→ Assignment:
Read the data that follows. Then repeat it exactly.

→ Data for review:
=====

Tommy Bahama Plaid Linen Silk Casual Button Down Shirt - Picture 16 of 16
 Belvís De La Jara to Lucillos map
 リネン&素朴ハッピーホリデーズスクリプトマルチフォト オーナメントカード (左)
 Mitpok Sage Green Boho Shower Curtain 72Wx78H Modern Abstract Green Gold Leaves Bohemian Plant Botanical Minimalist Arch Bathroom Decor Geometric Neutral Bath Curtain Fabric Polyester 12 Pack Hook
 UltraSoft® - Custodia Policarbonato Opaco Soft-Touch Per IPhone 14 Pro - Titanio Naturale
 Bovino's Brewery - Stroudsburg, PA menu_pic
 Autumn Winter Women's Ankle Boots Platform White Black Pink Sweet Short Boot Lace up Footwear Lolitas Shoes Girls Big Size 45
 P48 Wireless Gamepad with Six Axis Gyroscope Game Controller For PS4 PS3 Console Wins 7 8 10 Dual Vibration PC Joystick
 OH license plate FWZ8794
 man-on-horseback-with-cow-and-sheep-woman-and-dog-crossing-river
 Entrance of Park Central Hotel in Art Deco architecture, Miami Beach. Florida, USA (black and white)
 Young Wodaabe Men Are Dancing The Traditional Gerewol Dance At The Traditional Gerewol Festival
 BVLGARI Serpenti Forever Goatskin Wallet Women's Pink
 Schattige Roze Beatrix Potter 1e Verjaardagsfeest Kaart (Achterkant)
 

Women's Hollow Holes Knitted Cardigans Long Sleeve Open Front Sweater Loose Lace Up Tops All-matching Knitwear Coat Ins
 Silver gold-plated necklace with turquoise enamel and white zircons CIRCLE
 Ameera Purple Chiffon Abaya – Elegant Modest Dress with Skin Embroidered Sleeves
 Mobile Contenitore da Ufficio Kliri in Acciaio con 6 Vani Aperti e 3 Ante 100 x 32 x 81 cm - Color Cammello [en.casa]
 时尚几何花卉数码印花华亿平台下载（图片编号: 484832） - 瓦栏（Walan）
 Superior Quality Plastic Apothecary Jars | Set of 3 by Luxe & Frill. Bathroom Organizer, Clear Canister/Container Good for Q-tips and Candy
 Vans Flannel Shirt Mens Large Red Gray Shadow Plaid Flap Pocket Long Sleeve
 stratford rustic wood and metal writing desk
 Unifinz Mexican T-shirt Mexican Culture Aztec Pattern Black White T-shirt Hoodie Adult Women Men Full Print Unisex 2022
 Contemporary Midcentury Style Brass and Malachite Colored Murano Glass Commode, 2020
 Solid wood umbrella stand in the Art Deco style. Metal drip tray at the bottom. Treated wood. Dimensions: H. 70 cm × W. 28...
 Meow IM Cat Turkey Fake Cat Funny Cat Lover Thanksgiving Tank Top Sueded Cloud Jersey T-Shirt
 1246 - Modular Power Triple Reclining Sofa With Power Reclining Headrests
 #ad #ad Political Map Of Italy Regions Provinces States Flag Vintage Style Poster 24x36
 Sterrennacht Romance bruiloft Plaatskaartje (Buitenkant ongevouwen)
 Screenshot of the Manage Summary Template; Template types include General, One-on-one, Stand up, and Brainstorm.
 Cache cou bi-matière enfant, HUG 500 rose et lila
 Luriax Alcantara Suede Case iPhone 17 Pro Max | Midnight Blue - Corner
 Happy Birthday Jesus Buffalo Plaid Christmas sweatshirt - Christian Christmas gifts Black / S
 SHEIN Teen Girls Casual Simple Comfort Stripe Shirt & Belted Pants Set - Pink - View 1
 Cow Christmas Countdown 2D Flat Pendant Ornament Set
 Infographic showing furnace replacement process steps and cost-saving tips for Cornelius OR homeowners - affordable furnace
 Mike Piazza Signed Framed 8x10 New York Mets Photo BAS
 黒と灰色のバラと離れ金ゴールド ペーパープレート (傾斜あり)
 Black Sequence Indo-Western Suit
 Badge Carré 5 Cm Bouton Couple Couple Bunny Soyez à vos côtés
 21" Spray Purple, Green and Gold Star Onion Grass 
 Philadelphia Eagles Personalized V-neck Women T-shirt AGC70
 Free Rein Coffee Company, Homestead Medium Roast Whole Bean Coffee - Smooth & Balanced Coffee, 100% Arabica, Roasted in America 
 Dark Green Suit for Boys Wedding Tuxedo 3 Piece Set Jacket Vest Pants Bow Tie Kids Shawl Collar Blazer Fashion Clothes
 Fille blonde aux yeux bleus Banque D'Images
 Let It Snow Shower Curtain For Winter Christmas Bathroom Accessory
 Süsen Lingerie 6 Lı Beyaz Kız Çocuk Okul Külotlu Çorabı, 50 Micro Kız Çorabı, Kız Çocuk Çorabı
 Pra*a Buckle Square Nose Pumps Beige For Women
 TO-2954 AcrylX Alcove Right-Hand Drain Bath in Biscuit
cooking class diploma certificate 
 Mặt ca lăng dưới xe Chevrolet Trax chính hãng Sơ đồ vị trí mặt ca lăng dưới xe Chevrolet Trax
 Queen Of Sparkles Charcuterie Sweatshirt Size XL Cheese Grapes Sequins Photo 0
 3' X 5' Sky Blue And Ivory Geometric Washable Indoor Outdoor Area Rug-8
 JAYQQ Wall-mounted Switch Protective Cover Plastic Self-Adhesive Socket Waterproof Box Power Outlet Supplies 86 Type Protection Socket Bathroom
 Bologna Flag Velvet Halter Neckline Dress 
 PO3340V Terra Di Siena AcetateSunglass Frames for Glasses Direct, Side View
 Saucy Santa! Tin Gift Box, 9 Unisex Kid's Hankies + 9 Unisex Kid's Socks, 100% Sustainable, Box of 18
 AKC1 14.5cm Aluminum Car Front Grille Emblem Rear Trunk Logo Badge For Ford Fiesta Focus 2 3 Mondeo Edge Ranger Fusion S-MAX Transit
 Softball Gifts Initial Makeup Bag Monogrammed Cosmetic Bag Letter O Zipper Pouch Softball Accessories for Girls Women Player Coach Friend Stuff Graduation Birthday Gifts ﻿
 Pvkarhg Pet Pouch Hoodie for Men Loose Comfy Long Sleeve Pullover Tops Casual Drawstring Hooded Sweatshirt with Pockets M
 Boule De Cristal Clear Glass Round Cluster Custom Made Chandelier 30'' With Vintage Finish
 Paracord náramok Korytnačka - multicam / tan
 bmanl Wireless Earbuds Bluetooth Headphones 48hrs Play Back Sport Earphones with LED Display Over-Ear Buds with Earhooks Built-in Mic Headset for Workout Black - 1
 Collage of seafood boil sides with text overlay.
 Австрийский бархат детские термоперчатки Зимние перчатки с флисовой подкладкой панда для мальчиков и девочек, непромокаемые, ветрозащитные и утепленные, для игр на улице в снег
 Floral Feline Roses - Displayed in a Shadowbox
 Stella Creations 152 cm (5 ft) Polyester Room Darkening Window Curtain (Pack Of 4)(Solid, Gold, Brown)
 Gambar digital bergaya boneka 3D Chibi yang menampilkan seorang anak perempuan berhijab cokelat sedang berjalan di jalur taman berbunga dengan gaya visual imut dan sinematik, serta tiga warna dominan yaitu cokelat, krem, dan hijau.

=====

→ Task solution:
Tommy Bahama Plaid Linen Silk Casual Button Down Shirt - Picture 16 of 16
 Belvís De La Jara to Lucillos map
 リネン&素朴ハッピーホリデーズスクリプトマルチフォト オーナメントカード (左)
 Mitpok Sage Green Boho Shower Curtain 72Wx78H Modern Abstract Green Gold Leaves Bohemian Plant Botanical Minimalist Arch Bathroom Decor Geometric Neutral Bath Curtain Fabric Polyester 12 Pack Hook
 UltraSoft® - Custodia Policarbonato Opaco Soft-Touch Per IPhone 14 Pro - Titanio Naturale
 Bovino's Brewery - Stroudsburg, PA menu_pic
 Autumn Winter Women's Ankle Boots Platform White Black Pink Sweet Short Boot Lace up Footwear Lolitas Shoes Girls Big Size 45
 P48 Wireless Gamepad with Six Axis Gyroscope Game Controller For PS4 PS3 Console Wins 7 8 10 Dual Vibration PC Joystick
 OH license plate FWZ8794
 man-on-horseback-with-cow-and-sheep-woman-and-dog-crossing-river
 Entrance of Park Central Hotel in Art Deco architecture, Miami Beach. Florida, USA (black and white)
 Young Wodaabe Men Are Dancing The Traditional Gerewol Dance At The Traditional Gerewol Festival
 BVLGARI Serpenti Forever Goatskin Wallet Women's Pink
 Schattige Roze Beatrix Potter 1e Verjaardagsfeest Kaart (Achterkant)
 

Women's Hollow Holes Knitted Cardigans Long Sleeve Open Front Sweater Loose Lace Up Tops All-matching Knitwear Coat Ins
 Silver gold-plated necklace with turquoise enamel and white zircons CIRCLE
 Ameera Purple Chiffon Abaya – Elegant Modest Dress with Skin Embroidered Sleeves
 Mobile Contenitore da Ufficio Kliri in Acciaio con 6 Vani Aperti e 3 Ante 100 x 32 x 81 cm - Color Cammello [en.casa]
 时尚几何花卉数码印花华亿平台下载（图片编号: 484832） - 瓦栏（Walan）
 Superior Quality Plastic Apothecary Jars | Set of 3 by Luxe & Frill. Bathroom Organizer, Clear Canister/Container Good for Q-tips and Candy
 Vans Flannel Shirt Mens Large Red Gray Shadow Plaid Flap Pocket Long Sleeve
 stratford rustic wood and metal writing desk
 Unifinz Mexican T-shirt Mexican Culture Aztec Pattern Black White T-shirt Hoodie Adult Women Men Full Print Unisex 2022
 Contemporary Midcentury Style Brass and Malachite Colored Murano Glass Commode, 2020
 Solid wood umbrella stand in the Art Deco style. Metal drip tray at the bottom. Treated wood. Dimensions: H. 70 cm × W. 28...
 Meow IM Cat Turkey Fake Cat Funny Cat Lover Thanksgiving Tank Top Sueded Cloud Jersey T-Shirt
 1246 - Modular Power Triple Reclining Sofa With Power Reclining Headrests
 #ad #ad Political Map Of Italy Regions Provinces States Flag Vintage Style Poster 24x36
 Sterrennacht Romance bruiloft Plaatskaartje (Buitenkant ongevouwen)
 Screenshot of the Manage Summary Template; Template types include General, One-on-one, Stand up, and Brainstorm.
 Cache cou bi-matière enfant, HUG 500 rose et lila
 Luriax Alcantara Suede Case iPhone 17 Pro Max | Midnight Blue - Corner
 Happy Birthday Jesus Buffalo Plaid Christmas sweatshirt - Christian Christmas gifts Black / S
 SHEIN Teen Girls Casual Simple Comfort Stripe Shirt & Belted Pants Set - Pink - View 1
 Cow Christmas Countdown 2D Flat Pendant Ornament Set
 Infographic showing furnace replacement process steps and cost-saving tips for Cornelius OR homeowners - affordable furnace
 Mike Piazza Signed Framed 8x10 New York Mets Photo BAS
 黒と灰色のバラと離れ金ゴールド ペーパープレート (傾斜あり)
 Black Sequence Indo-Western Suit
 Badge Carré 5 Cm Bouton Couple Couple Bunny Soyez à vos côtés
 21" Spray Purple, Green and Gold Star Onion Grass 
 Philadelphia Eagles Personalized V-neck Women T-shirt AGC70
 Free Rein Coffee Company, Homestead Medium Roast Whole Bean Coffee - Smooth & Balanced Coffee, 100% Arabica, Roasted in America 
 Dark Green Suit for Boys Wedding Tuxedo 3 Piece Set Jacket Vest Pants Bow Tie Kids Shawl Collar Blazer Fashion Clothes
 Fille blonde aux yeux bleus Banque D'Images
 Let It Snow Shower Curtain For Winter Christmas Bathroom Accessory
 Süsen Lingerie 6 Lı Beyaz Kız Çocuk Okul Külotlu Çorabı, 50 Micro Kız Çorabı, Kız Çocuk Çorabı
 Pra*a Buckle Square Nose Pumps Beige For Women
 TO-2954 AcrylX Alcove Right-Hand Drain Bath in Biscuit
cooking class diploma certificate 
 Mặt ca lăng dưới xe Chevrolet Trax chính hãng Sơ đồ vị trí mặt ca lăng dưới xe Chevrolet Trax
 Queen Of Sparkles Charcuterie Sweatshirt Size XL Cheese Grapes Sequins Photo 0
 3' X 5' Sky Blue And Ivory Geometric Washable Indoor Outdoor Area Rug-8
 JAYQQ Wall-mounted Switch Protective Cover Plastic Self-Adhesive Socket Waterproof Box Power Outlet Supplies 86 Type Protection Socket Bathroom
 Bologna Flag Velvet Halter Neckline Dress 
 PO3340V Terra Di Siena AcetateSunglass Frames for Glasses Direct, Side View
 Saucy Santa! Tin Gift Box, 9 Unisex Kid's Hankies + 9 Unisex Kid's Socks, 100% Sustainable, Box of 18
 AKC1 14.5cm Aluminum Car Front Grille Emblem Rear Trunk Logo Badge For Ford Fiesta Focus 2 3 Mondeo Edge Ranger Fusion S-MAX Transit
 Softball Gifts Initial Makeup Bag Monogrammed Cosmetic Bag Letter O Zipper Pouch Softball Accessories for Girls Women Player Coach Friend Stuff Graduation Birthday Gifts ﻿
 Pvkarhg Pet Pouch Hoodie for Men Loose Comfy Long Sleeve Pullover Tops Casual Drawstring Hooded Sweatshirt with Pockets M
 Boule De Cristal Clear Glass Round Cluster Custom Made Chandelier 30'' With Vintage Finish
 Paracord náramok Korytnačka - multicam / tan
 bmanl Wireless Earbuds Bluetooth Headphones 48hrs Play Back Sport Earphones with LED Display Over-Ear Buds with Earhooks Built-in Mic Headset for Workout Black - 1
 Collage of seafood boil sides with text overlay.
 Австрийский бархат детские термоперчатки Зимние перчатки с флисовой подкладкой панда для мальчиков и девочек, непромокаемые, ветрозащитные и утепленные, для игр на улице в снег
 Floral Feline Roses - Displayed in a Shadowbox
 Stella Creations 152 cm (5 ft) Polyester Room Darkening Window Curtain (Pack Of 4)(Solid, Gold, Brown)
 Gambar digital bergaya boneka 3D Chibi yang menampilkan seorang anak perempuan berhijab cokelat sedang berjalan di jalur taman berbunga dengan gaya visual imut dan sinematik, serta tiga warna dominan yaitu cokelat, krem, dan hijau.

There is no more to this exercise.